**WHAT YOU SHOULD DO:**
Search the entries below for the line containing "12596 N Brabant"; from there to the end, return every line exactly and add nothing.

DATA RECORDS: Begin

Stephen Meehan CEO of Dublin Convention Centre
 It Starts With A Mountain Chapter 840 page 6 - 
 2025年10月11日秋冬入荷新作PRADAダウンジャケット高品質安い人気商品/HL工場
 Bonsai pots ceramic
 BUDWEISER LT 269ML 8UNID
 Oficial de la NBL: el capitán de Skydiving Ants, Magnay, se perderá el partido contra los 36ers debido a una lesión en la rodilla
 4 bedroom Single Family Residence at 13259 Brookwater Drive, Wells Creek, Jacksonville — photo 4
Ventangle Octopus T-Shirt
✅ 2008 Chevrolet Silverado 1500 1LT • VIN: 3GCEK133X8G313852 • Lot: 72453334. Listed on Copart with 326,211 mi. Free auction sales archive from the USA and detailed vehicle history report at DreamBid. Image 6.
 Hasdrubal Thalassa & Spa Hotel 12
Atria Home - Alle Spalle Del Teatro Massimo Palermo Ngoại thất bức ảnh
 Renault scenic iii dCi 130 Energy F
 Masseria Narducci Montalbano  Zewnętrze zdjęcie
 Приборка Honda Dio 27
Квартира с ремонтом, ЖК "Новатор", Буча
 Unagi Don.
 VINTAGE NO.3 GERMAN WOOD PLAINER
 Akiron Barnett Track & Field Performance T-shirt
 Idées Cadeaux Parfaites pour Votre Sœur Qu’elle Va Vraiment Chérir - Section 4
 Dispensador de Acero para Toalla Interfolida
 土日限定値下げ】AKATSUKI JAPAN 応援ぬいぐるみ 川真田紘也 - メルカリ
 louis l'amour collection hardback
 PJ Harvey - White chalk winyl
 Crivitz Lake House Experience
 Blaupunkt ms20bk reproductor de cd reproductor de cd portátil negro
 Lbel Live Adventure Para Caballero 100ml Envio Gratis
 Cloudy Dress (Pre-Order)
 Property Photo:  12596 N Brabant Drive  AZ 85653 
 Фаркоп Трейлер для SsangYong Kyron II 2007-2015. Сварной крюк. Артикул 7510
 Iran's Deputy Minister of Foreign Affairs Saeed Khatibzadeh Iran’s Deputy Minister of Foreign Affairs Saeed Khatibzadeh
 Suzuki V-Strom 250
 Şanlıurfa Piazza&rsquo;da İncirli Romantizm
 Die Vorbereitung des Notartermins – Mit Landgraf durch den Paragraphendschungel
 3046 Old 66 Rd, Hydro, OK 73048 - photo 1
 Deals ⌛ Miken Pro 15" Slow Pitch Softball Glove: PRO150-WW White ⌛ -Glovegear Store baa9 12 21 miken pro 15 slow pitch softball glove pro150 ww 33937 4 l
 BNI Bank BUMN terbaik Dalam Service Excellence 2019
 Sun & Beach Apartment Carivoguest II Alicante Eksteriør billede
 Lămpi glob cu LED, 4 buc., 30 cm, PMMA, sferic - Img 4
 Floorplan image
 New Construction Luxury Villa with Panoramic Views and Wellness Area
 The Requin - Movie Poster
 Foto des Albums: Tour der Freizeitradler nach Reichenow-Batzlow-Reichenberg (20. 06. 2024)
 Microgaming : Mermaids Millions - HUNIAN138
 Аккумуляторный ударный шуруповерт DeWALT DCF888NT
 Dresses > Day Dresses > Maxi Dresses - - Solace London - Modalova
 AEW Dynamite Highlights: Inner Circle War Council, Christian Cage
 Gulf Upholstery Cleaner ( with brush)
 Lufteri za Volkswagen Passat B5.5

DATA RECORDS: End

**OUTPUT OF THE TASK:**
 Property Photo:  12596 N Brabant Drive  AZ 85653 
 Фаркоп Трейлер для SsangYong Kyron II 2007-2015. Сварной крюк. Артикул 7510
 Iran's Deputy Minister of Foreign Affairs Saeed Khatibzadeh Iran’s Deputy Minister of Foreign Affairs Saeed Khatibzadeh
 Suzuki V-Strom 250
 Şanlıurfa Piazza&rsquo;da İncirli Romantizm
 Die Vorbereitung des Notartermins – Mit Landgraf durch den Paragraphendschungel
 3046 Old 66 Rd, Hydro, OK 73048 - photo 1
 Deals ⌛ Miken Pro 15" Slow Pitch Softball Glove: PRO150-WW White ⌛ -Glovegear Store baa9 12 21 miken pro 15 slow pitch softball glove pro150 ww 33937 4 l
 BNI Bank BUMN terbaik Dalam Service Excellence 2019
 Sun & Beach Apartment Carivoguest II Alicante Eksteriør billede
 Lămpi glob cu LED, 4 buc., 30 cm, PMMA, sferic - Img 4
 Floorplan image
 New Construction Luxury Villa with Panoramic Views and Wellness Area
 The Requin - Movie Poster
 Foto des Albums: Tour der Freizeitradler nach Reichenow-Batzlow-Reichenberg (20. 06. 2024)
 Microgaming : Mermaids Millions - HUNIAN138
 Аккумуляторный ударный шуруповерт DeWALT DCF888NT
 Dresses > Day Dresses > Maxi Dresses - - Solace London - Modalova
 AEW Dynamite Highlights: Inner Circle War Council, Christian Cage
 Gulf Upholstery Cleaner ( with brush)
 Lufteri za Volkswagen Passat B5.5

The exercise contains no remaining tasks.